Dataset excerpt START
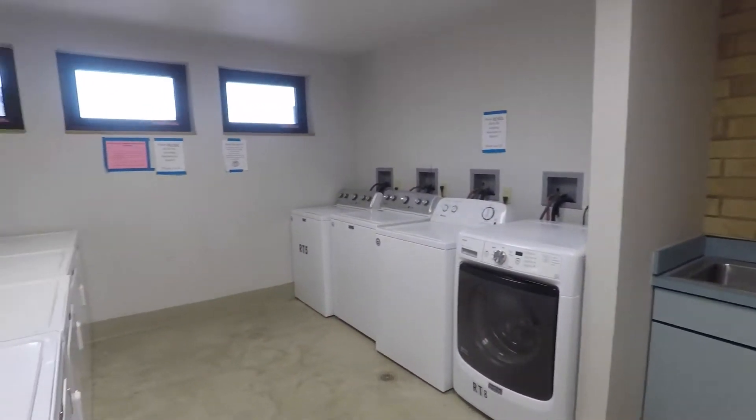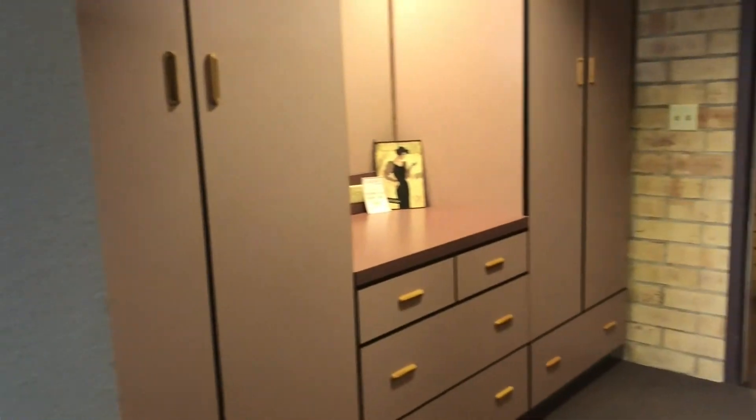Welcome to our Ross Hall. This is our co-ed dorm on our Rangeley campus where we have lots of facilities for our students, including free laundry facilities, a rec room, and a dorm with a private bathroom.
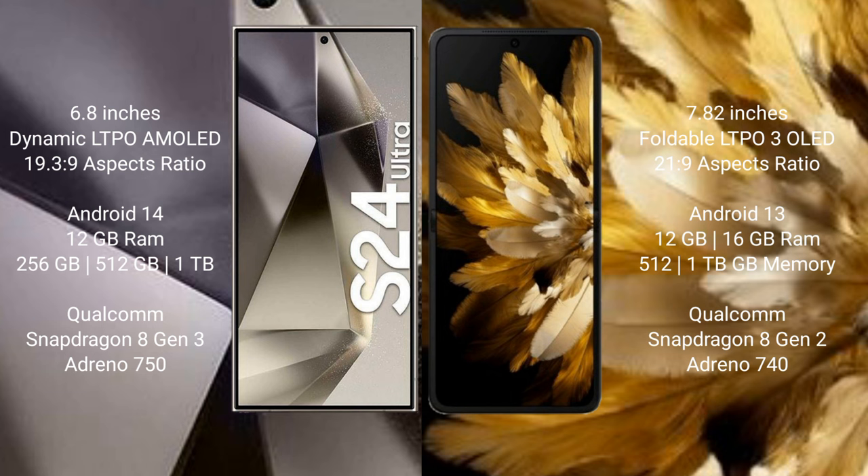Oppo Find N3 comes with 12GB and 16GB RAM and 256GB, 512GB, 1TB internal storage, with a Qualcomm Snapdragon 8 Gen 2 processor and GPU Adreno 750.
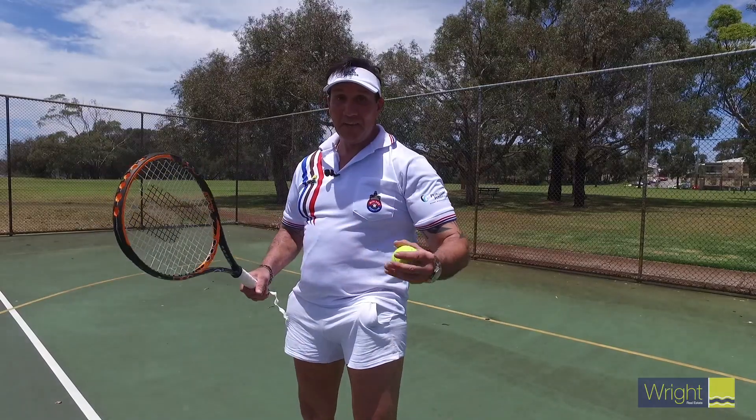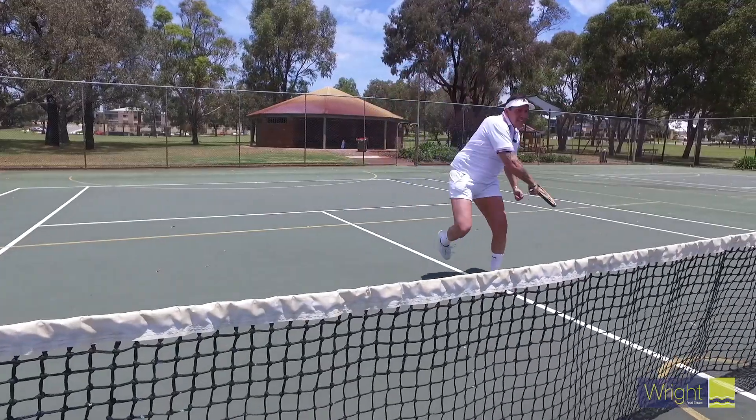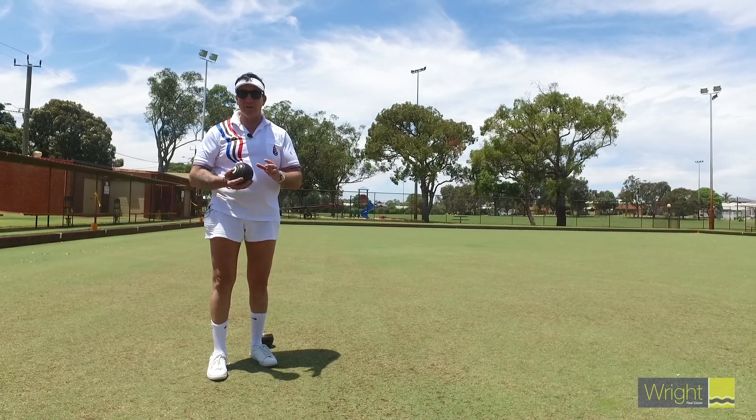Now, if you love staying fit and healthy, we have tennis courts just around the corner. And if you like things a little bit slower paced, come down to Innaloo Sportsman's Club and enjoy a game of bowls and a great social.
Dataset excerpt END
About this exercise
Give the lines from the one containing "Oppo Find N3" through the last line of the material again, exactly and with no pictures, both ends included.

Answer space
Oppo Find N3 comes with 12GB and 16GB RAM and 256GB, 512GB, 1TB internal storage, with a Qualcomm Snapdragon 8 Gen 2 processor and GPU Adreno 750.
Now, if you love staying fit and healthy, we have tennis courts just around the corner. And if you like things a little bit slower paced, come down to Innaloo Sportsman's Club and enjoy a game of bowls and a great social.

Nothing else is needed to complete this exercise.